With this number the present staff of "In Cap and Gown" takes leave of its gentle readers. We trust the magazine has met with your approval and that your kind forbearance will consign its faults to oblivion. We thank all the contributors who have so willingly helped us in our work [so crossed out: ?] and may next year's "In Cap and Gown" be bigger and better than ever.

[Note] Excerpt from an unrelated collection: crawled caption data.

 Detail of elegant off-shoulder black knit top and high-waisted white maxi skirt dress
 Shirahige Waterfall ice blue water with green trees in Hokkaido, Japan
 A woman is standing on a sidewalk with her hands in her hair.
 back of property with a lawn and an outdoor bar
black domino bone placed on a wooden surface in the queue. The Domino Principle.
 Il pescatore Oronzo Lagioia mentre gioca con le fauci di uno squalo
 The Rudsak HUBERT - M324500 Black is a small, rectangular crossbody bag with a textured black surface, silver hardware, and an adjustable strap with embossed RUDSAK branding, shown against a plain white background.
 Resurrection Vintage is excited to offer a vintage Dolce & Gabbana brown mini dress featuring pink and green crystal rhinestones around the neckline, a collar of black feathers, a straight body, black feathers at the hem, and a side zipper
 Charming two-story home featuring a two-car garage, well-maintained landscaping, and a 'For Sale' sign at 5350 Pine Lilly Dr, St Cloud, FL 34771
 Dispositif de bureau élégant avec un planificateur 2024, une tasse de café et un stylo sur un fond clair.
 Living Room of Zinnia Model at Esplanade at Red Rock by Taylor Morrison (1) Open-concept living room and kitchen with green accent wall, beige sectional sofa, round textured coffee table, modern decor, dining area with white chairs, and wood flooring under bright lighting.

The biographer must not linger over the circumstances of his birth and early education in the town of Waterloo. Babies and children are mostly uninteresting and especially when their latter career is better than the first Omitting therefore the conventional exploits in eating, fighting, running away and general disobedience, we may proceed directly to the beginnings of manhood.
David was at first in a woollen factory and moved about to various towns in eastern Ontario and Quebec. He still knows a good deal about dry goods and dresses always fashionably as becomes one who was a star man in the business. For his advancement was phenomenally rapid and people predicted that he would be a magnate. In six or seven years he Earned the various departmens of cloth
manufacture, used his drawing skill as a designer and finally had reached the dignity of inspector at Beauharnois, a suburb of Montreal.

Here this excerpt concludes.